Supersonic Transport vehicles will be needed IF we plan to perform interspace transport, as a vehicle will need to
accelerate to supersonic speeds to gain access to transport transfer stations in low orbit, then return with passengers.
These may not be very big, limited to mabye 20 passengers and crew for sub-orbital short term docking
& personel transfer with glide path return to earth station terminal ports.
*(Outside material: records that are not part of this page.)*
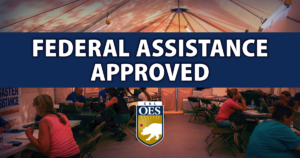 Disaster Recovery Center image with a blue block in the middle of the image. TEXT Reads: Registering for Federal Assistance with the Cal O E S in the center under the text box.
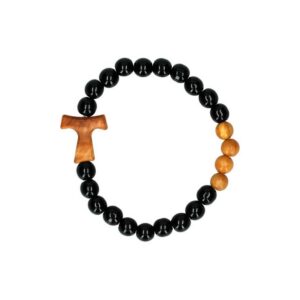 Armband op elastiek Zwart hout met Taukruisje olijvenhout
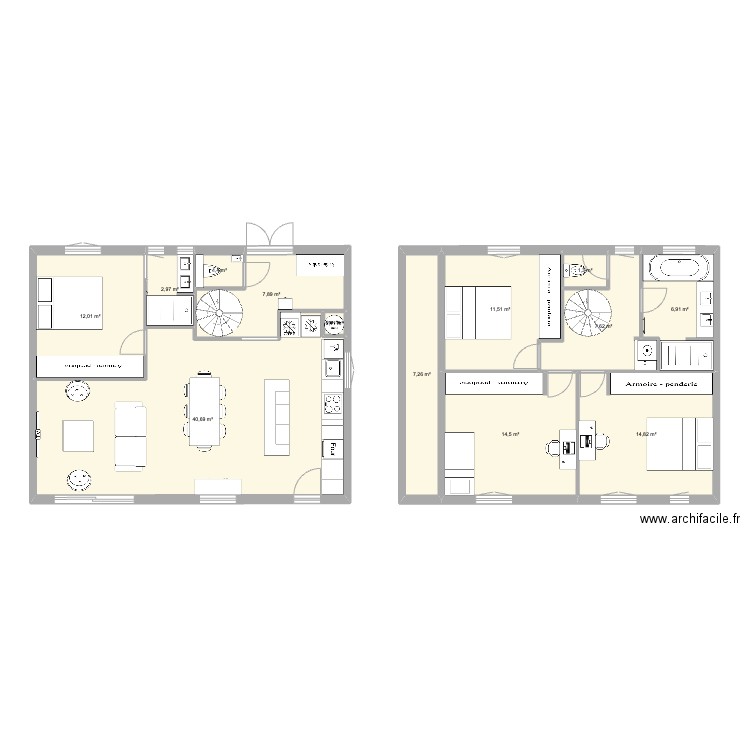 maison lafayette V7. Plan de 13 pièces et 129 m2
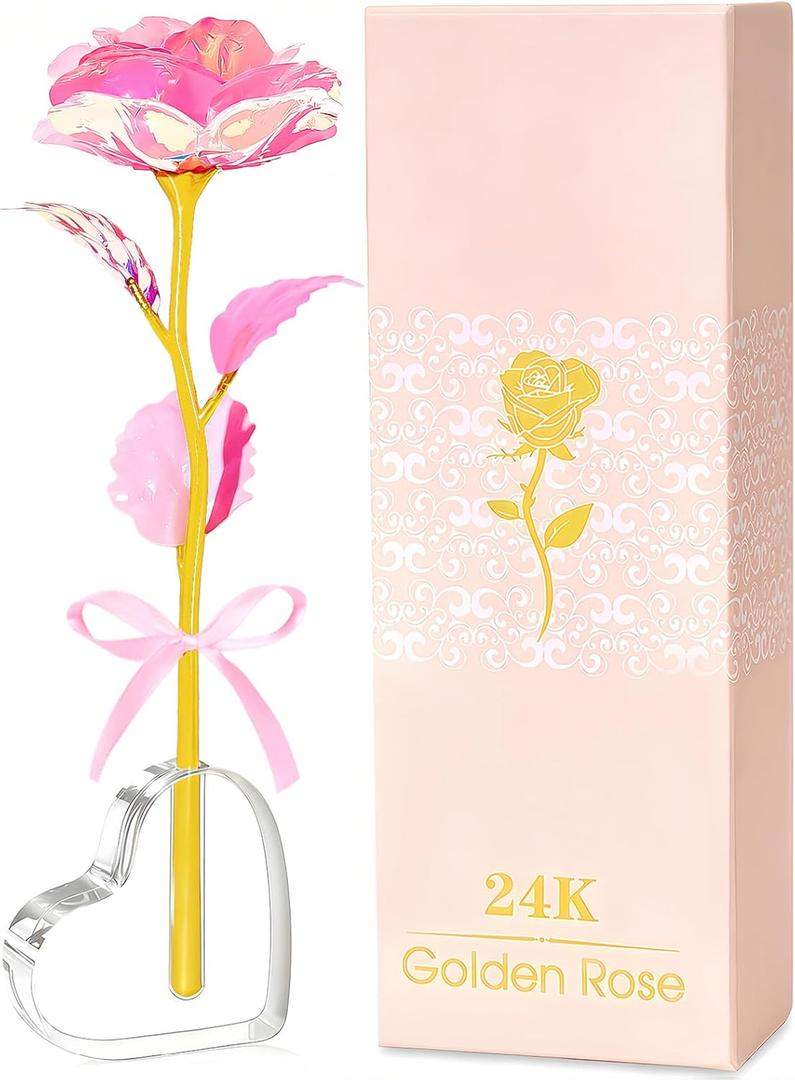 Valentines Day Rose Gifts for Her, Birthday Gifts for Women Mom Galaxy Rose Glass Forever Flowers with Heart-Shaped Base Eternal Crystal Roses Valentine Gifts for Grandma Wife Sister Girlfriend (Light Pink)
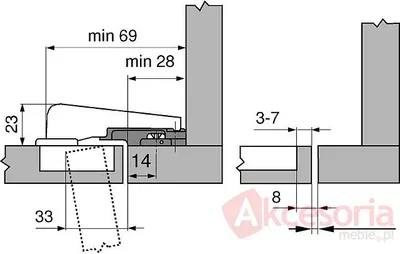 Zawias MODUL - nikiel / 95° / ze sprężyną / drzwi równoległe wpuszczane / puszka: na wkręty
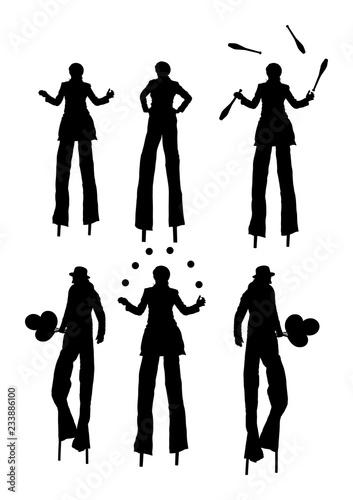 Clown on stilts with balloons vector silhouette isolated on white background. Street actor illustration. Juggler artist vector, Juggling with balls and pins. Clown in circus. Performer Artist acrobat.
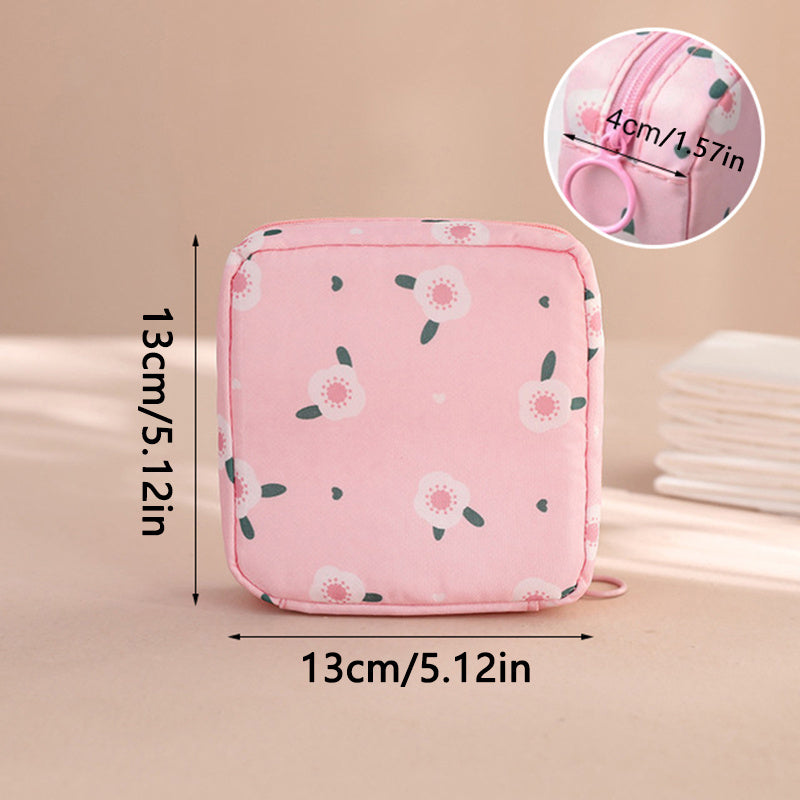 Cartoon Pattern Sanitary Napkin Bag Zipper Pouch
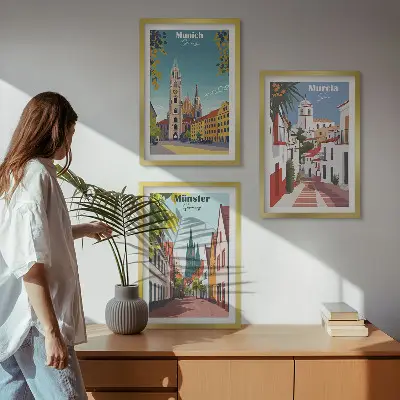 Sada obrazů do obývacího pokoje evropská města v barevných kresbách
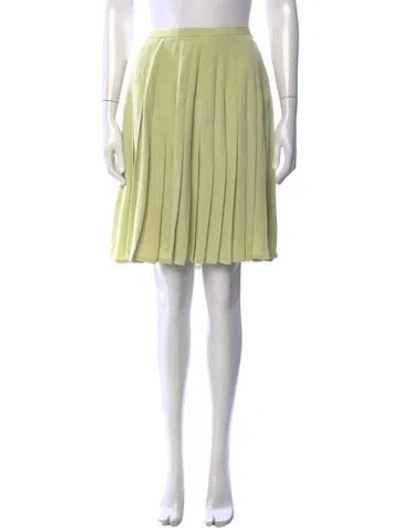 Pre-owned Bill Blass Pleated Accents Knee-length Skirt In Green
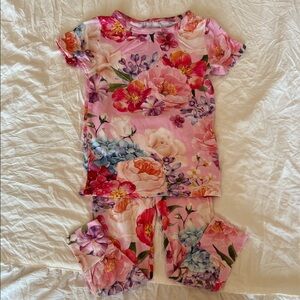 Posh Peanut Floral Kids Pajama Set - Pink and Red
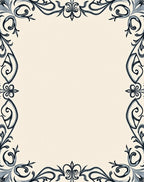 Ornate Scrollwork Ivory Black Border Rug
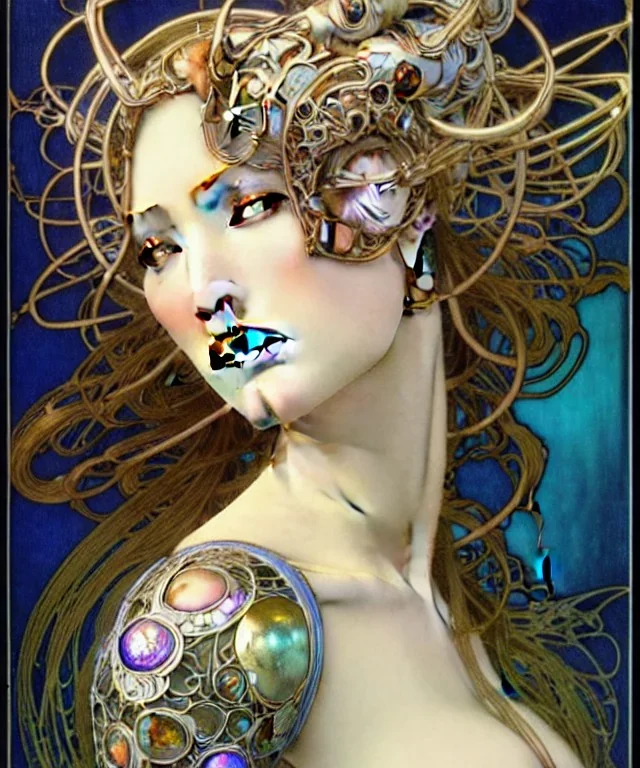 Realistic detailed face portrait of a beautiful futuristic beautiful top model in opus design lent alien glass armor by alphonse mucha, ayami kojima, amano, greg hildebrandt, and mark brooks, female, feminine, art nouveau, ornate italian renaissance cyberpunk, iridescent venetian blown glass, neo - gothic, gothic, character concept.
I don't see them as a 'shuttle' like vertical launch operation consuming vast amounts of fuels to reach a service orbit,
but more of a 'piggy-back' platform where a mother ship takes off conventionally from a space support operations port,
flies to high speed and altitude and then releases it's corrier craft with an aerospike hypersonic drive engine to
acheive a velocity that will allow it to climb & shortly hesitate in space at the upper terminus of earth's gravity well.
duration without docking would be under 30 minutes in the proximity of a pre-positioned space port station.
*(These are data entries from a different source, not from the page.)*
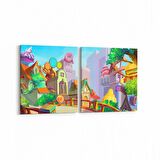Olla 12768K2Y Çocuk Odası Görseli 2'li Yatay Kanvas Tablo (Ölçü: 125X60)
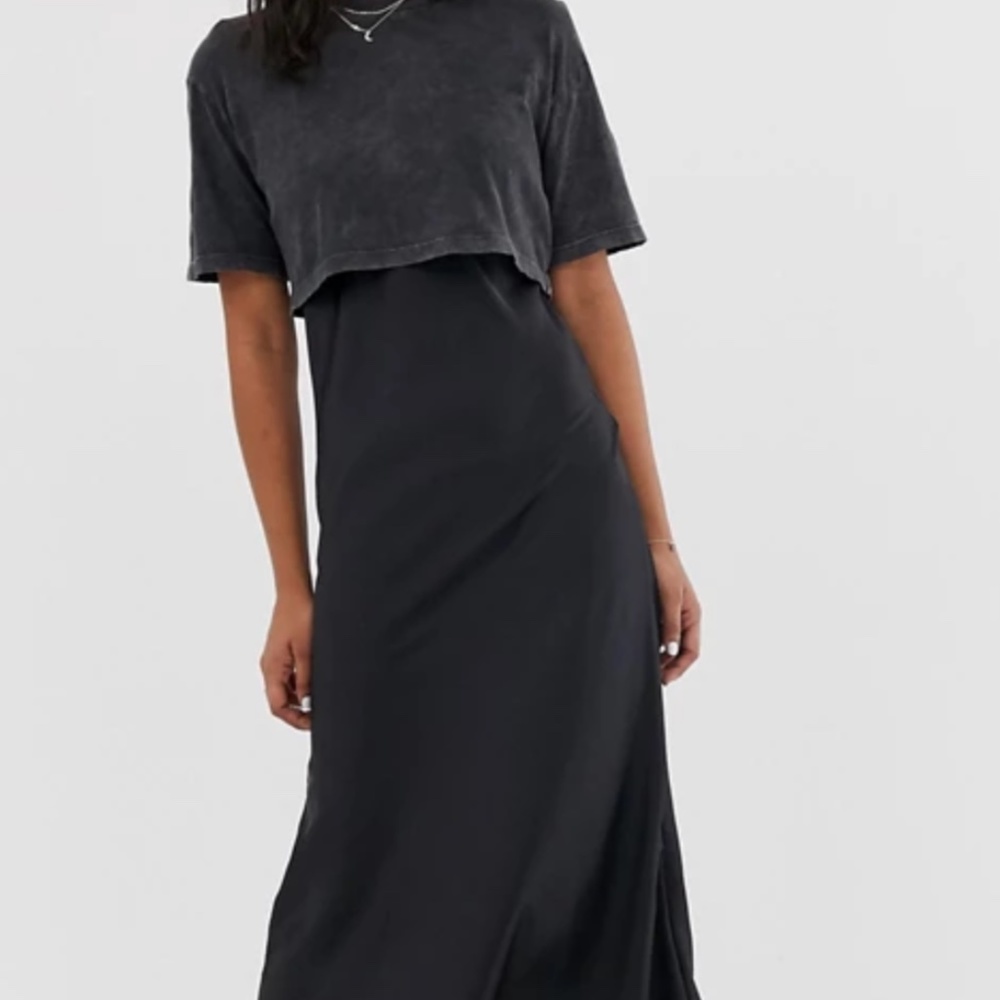 All Saints benno tee slip midi dress XS
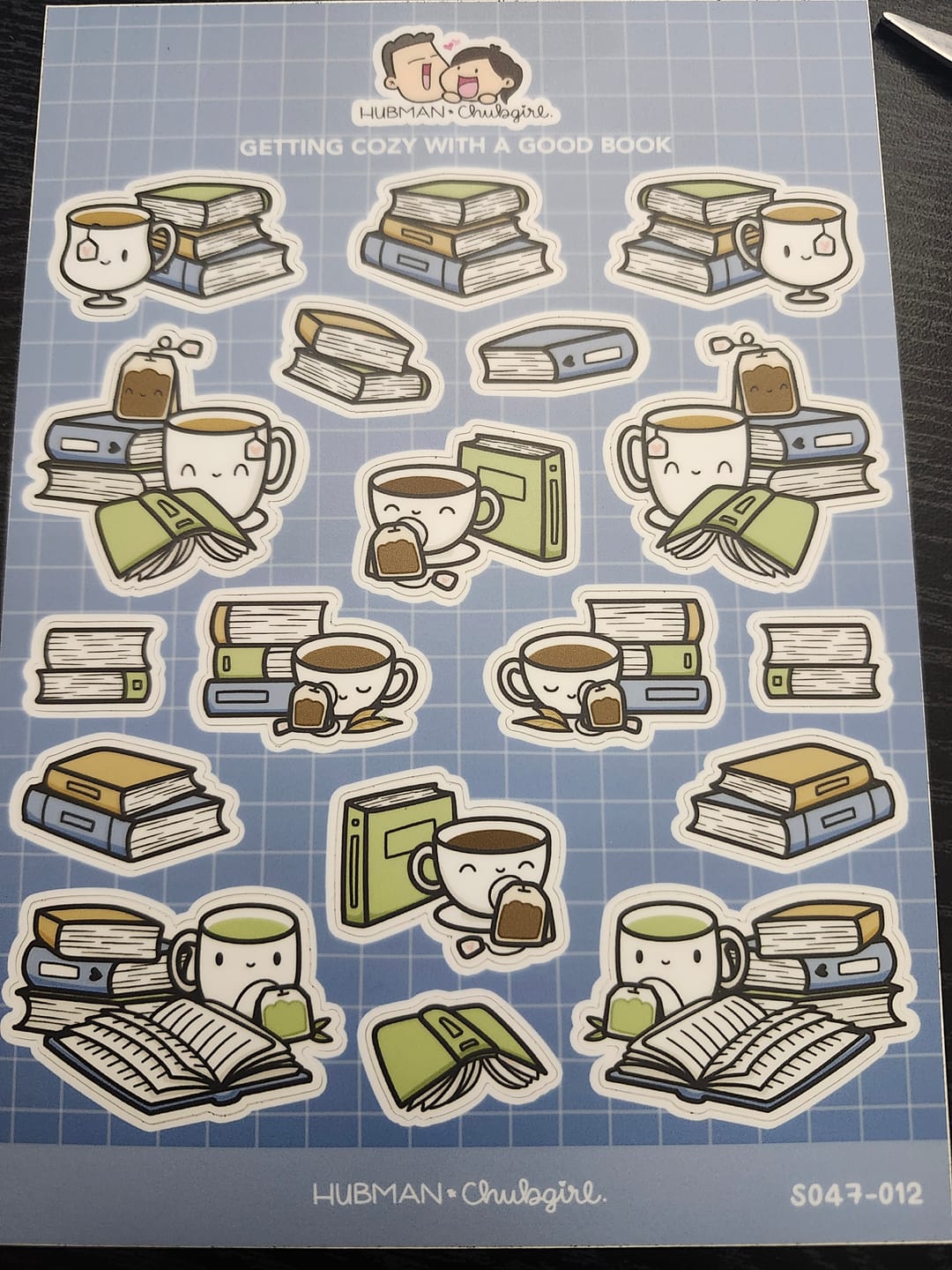 Customer photo review of Getting Cozy with a Good Book Sticker Sheet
Mechanical docking before orbit decay may extend it's linger time to over an hour becore breaking contact and re-entry of the vehicle.
The orbiting station will loose energy from each docking with a transport vehicle and will have to be re-accelerated daily to extend it's orbital capability.
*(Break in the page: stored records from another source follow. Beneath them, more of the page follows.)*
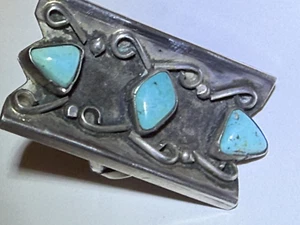 Vintage   Sterling Silver with  Turquoise Stones  Ring ~ Size 6 - Picture 1 of 3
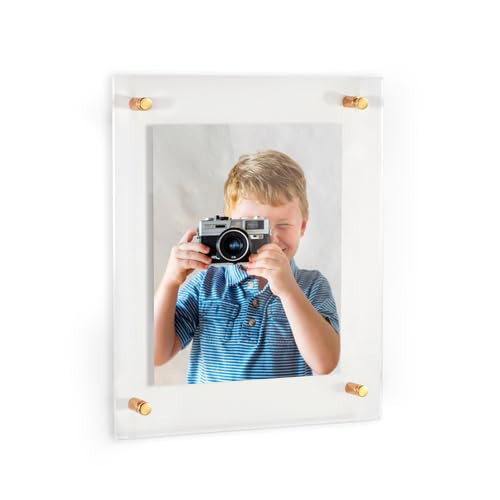 ArtToFrames 8x10 Inch Double Panel Floating Acrylic Picture Frame (Full Frame is 12x14) comes with Gold Standoff Hardware, Made in the USA, 1 Pack | Amazon (US)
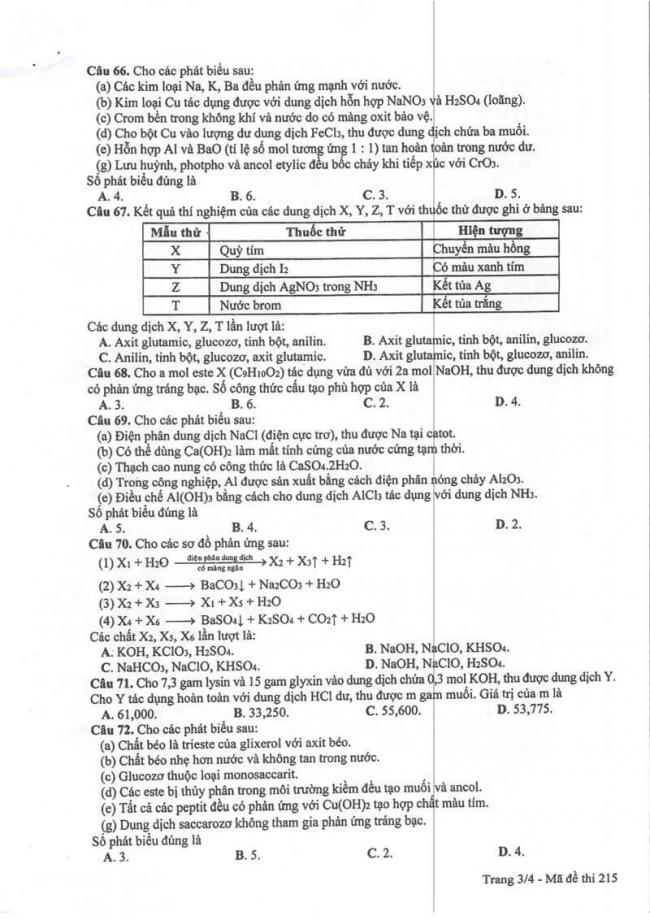 Đáp án đề thi môn Hóa 215 THPT Quốc Gia năm 2017 trang 3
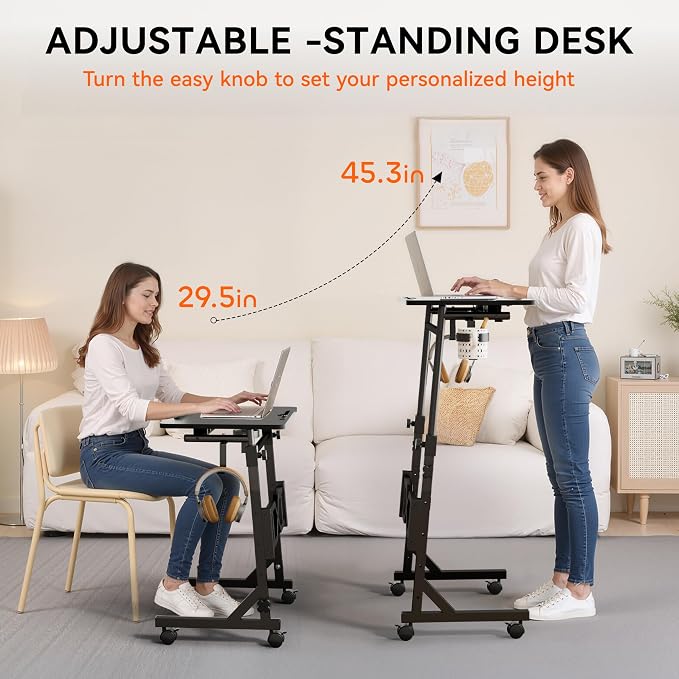 Oransail Small Standing Desk with Wheels, 29.5-45.3 Inch Adjustable Height | Portable Treadmill Desk, Rolling Computer Table for Walking Pad with a Cup Holder and a Hook - Image 4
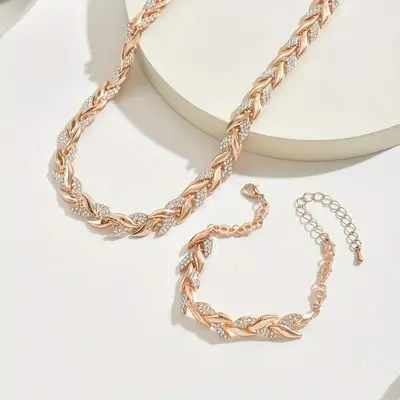 Neuer umweltfreundlicher Fishtail-Schmuckset mit Strass-Armband und Halskette, luxuriös eleganter Schmuck für Damenveranstaltungen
We should be able to place and maintain orbital mechanics in the 350 mile altitude range and reach that position rather easily.
For example: most ICBM missles are flown to reach an altitude of approximately 750 miles before positioning
and release of the RV warhead, and from launchg/boost to final impact takes 25 minutes or less.
The Shuttle itself has effectivley reached it's low orbit position in 9 minutes from launch.
We should be able to use a combination of mother ship to carry a transport vehicle to altitude in less than 20 minutes,
Aerospike thrust to reach 5,000 MPH & inertial coasting to reach nearly 100 miles altitude in another 10 minutes,
then the use of peroxide reactors (or hypergolic engines) to intercept and dock with the station in another 15 minutes or so.
Food for thought - technically we can do this now, (Rutan proved it) but the orbital transfer platforms have to be there first.